The euro plunges further as the debt crisis shows signs of spreading to Portugal and Spain, even after Ireland unveiled an austerity plan while negotiations on the country’s bailout continue.
The euro struggled near a two-month low amid renewed fears that a number of nations in the Eurozone would follow Ireland and Greece into financial crisis.
Yesterday the EU approved Ireland’s four-year budget package designed to save 15bn euros (£13bn) through spending cuts and tax rises.
VAT will go up, income taxes will go up, there will be a new poll tax on property, a cut in the minimum wage, and the sharpest ever spending cuts in Irish history.
The plan is also believed to have the backing of the International Monetary Fund, which continues to examine how much of a bailout Ireland needs.
Negotiations on the EU-backed bailout continue with the rescue package expected to be worth about 85bn euros.
The austerity measures are designed to reduce Ireland’s budget deficit – the highest in he Eurozone – but some investors remain unconvinced.
Economics Editor Faisal Islam said the cuts would prove “vastly more regressive” than those in the UK, and one City analyst described them as “staggering austerity.”
There are fears that the Irish government’s growth estimates are too optimistic. Compounding this uncertainty are further concerns that the government will not be able to push through the budget when it votes on 7 December.

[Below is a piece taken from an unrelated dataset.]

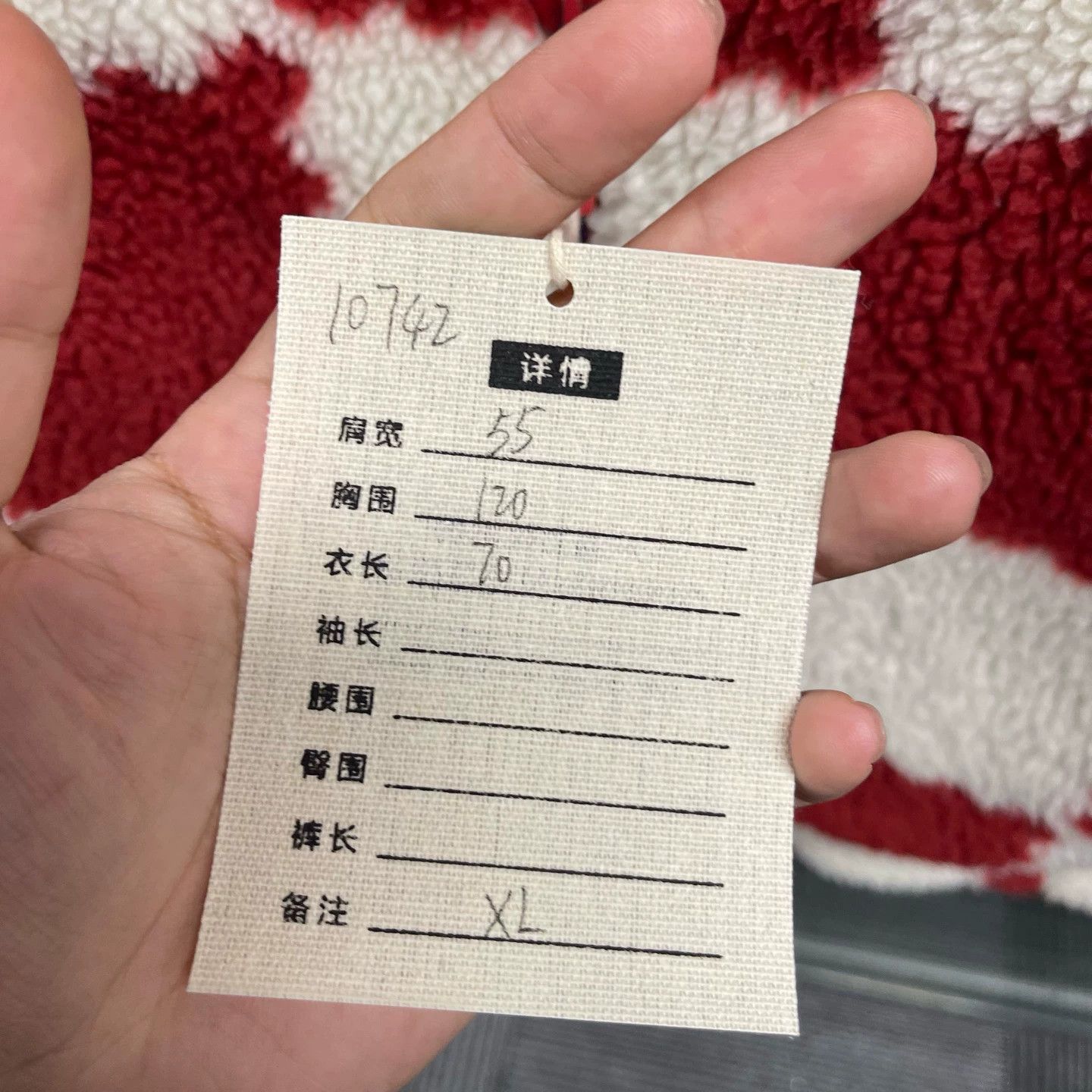 Louis Vuitton LV #10742 Red Monogram Fleece Jacket XL 99 New Size US XL / EU 56 / 4 - 8 Thumbnail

Traders fear that the debt crisis could spread to other countries that have high deficits within the single currency zone. In particular Portugal and Spain are increasingly seen as in need of help.
Bond yields have risen to unsustainable levels and the Irish crisis has also undermined the euro.
Irish bonds, credit default swaps and stocks will likely prove most vulnerable to political uncertainty in the coming weeks, but the single currency and bonds of other fringe Eurozone borrowers such as Greece, Portugal and Spain may also move on Irish developments.
Yesterday Portugal’s biggest unions staged their first joint strike in more than two decades, in protest at planned austerity measures designed to shield the country from Eurozone contagion.
Portugal has suffered from years of low growth and waning competitiveness which economists say undermines its ability to ride out the debt crisis.
Even though the economy is growing this year, economists fear it will slide back into recession in 2011 as higher taxes and civil servant wage cuts of five percent bite into consumption.
Unemployment is already at its highest since the 1980s at 10.9 per cent and there are fears that this could rise further.
There are concerns that a wavering in the government’s commitment to new austerity measures could push up Portugal’s borrowing costs in the same vicious spiral that forced Athens and Dublin to seek rescues.